**Goal of the exercise:**
Among the lines below, keep only those from the one containing "Building Photo - Discover" through the one containing "Купить Коробка предохранителей", and reproduce them exactly.

**Input data:**
++++++++++

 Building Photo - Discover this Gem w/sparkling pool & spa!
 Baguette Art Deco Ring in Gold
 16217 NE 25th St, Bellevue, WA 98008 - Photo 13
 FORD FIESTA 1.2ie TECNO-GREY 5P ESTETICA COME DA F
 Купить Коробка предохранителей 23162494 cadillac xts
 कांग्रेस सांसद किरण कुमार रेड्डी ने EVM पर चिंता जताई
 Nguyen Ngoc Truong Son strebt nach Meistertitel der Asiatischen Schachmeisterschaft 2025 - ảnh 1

++++++++++

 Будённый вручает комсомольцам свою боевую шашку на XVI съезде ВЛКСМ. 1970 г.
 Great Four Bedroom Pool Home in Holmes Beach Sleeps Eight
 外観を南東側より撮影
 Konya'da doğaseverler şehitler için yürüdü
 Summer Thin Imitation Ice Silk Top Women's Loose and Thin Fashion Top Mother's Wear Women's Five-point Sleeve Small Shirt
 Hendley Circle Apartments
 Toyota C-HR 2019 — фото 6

++++++++++

**Solution to the exercise:**
 Building Photo - Discover this Gem w/sparkling pool & spa!
 Baguette Art Deco Ring in Gold
 16217 NE 25th St, Bellevue, WA 98008 - Photo 13
 FORD FIESTA 1.2ie TECNO-GREY 5P ESTETICA COME DA F
 Купить Коробка предохранителей 23162494 cadillac xts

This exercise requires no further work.